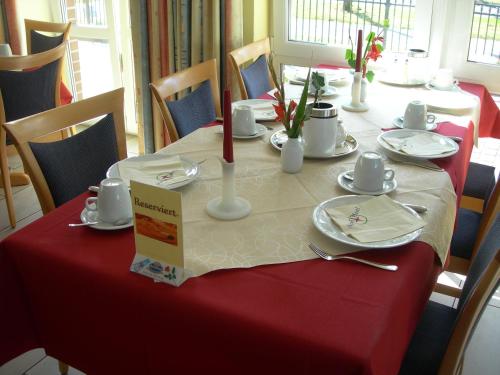 einen Tisch mit einem roten und weißen Tischtuch drauf in der Unterkunft Apart Hotel Norden in Norden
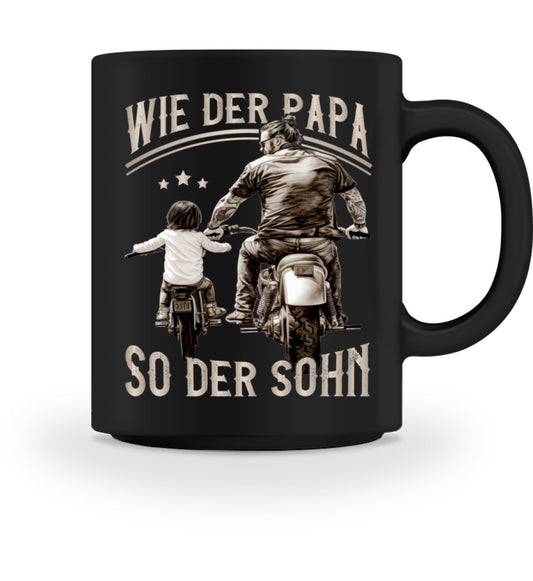 Eine Tasse für Motorradfahrende Väter von Wingbikers, mit dem beidseitigen Aufdruck, Wie der Papa, so der Sohn, in schwarz.
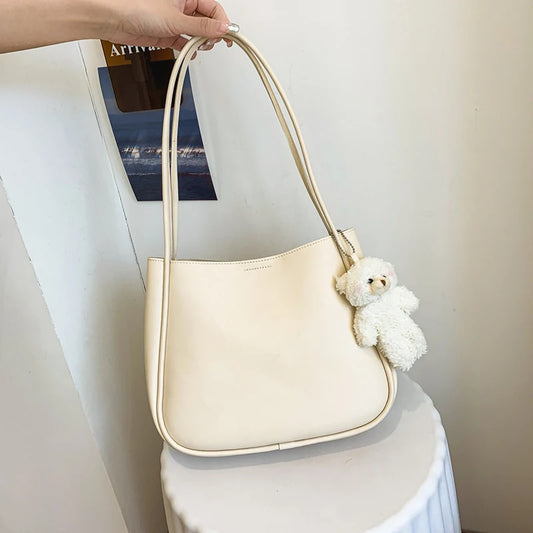 Simple And Casual New Popular PU Leather Versatile Shoulder Underarm Bag Small Fresh Solid Color Bear Pendant Handbag Your Shop Mania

What you are asked to do: Each line from the one containing "Eine Tasse für" through the last line of the listing is to be given again exactly, with no pictures and no other lines.

Answer space:
 Eine Tasse für Motorradfahrende Väter von Wingbikers, mit dem beidseitigen Aufdruck, Wie der Papa, so der Sohn, in schwarz.
 Simple And Casual New Popular PU Leather Versatile Shoulder Underarm Bag Small Fresh Solid Color Bear Pendant Handbag Your Shop Mania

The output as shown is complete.